**Work item:** Lines to return, exactly: from the line with "Snapshot of andersonz98" to the line with "Roberts tirando del grupo en Moto2." in the entries below, both included.
•••
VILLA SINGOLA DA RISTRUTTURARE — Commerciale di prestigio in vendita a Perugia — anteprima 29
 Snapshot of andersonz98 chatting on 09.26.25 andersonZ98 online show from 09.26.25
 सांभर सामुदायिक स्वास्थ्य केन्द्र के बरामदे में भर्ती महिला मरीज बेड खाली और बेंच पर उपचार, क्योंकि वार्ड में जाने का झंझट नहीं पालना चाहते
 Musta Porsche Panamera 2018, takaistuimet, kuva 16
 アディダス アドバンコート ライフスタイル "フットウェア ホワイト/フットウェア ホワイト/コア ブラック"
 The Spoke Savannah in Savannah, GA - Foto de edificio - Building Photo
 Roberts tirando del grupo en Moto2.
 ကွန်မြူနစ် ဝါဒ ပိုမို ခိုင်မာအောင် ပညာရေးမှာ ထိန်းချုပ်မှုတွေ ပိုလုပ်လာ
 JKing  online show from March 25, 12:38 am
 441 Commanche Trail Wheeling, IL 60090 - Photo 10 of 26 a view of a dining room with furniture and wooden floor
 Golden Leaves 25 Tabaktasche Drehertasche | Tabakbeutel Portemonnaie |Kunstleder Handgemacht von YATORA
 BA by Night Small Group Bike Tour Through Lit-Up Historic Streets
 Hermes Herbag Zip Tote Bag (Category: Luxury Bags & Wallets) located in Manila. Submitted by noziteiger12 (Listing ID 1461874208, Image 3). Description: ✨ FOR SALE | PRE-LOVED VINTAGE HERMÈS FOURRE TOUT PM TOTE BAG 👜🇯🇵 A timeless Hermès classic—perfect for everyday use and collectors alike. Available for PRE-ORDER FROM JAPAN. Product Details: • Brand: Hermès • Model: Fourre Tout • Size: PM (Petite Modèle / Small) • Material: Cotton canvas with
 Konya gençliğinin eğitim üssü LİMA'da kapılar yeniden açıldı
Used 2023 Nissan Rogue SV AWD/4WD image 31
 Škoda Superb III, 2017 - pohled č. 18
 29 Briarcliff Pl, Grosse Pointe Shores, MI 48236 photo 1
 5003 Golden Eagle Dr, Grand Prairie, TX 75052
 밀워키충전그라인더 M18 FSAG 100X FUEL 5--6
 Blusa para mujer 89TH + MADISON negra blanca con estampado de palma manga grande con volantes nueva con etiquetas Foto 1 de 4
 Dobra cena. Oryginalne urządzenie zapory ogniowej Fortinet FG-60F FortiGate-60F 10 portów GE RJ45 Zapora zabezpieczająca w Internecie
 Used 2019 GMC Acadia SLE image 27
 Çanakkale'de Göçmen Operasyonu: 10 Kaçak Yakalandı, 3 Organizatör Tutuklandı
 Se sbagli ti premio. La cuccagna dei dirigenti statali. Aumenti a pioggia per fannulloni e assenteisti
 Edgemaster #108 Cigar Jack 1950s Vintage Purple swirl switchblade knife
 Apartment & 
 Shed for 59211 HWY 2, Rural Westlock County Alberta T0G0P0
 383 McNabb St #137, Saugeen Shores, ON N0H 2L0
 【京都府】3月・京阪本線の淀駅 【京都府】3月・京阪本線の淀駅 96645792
•••
**Expected answer:**
 Snapshot of andersonz98 chatting on 09.26.25 andersonZ98 online show from 09.26.25
 सांभर सामुदायिक स्वास्थ्य केन्द्र के बरामदे में भर्ती महिला मरीज बेड खाली और बेंच पर उपचार, क्योंकि वार्ड में जाने का झंझट नहीं पालना चाहते
 Musta Porsche Panamera 2018, takaistuimet, kuva 16
 アディダス アドバンコート ライフスタイル "フットウェア ホワイト/フットウェア ホワイト/コア ブラック"
 The Spoke Savannah in Savannah, GA - Foto de edificio - Building Photo
 Roberts tirando del grupo en Moto2.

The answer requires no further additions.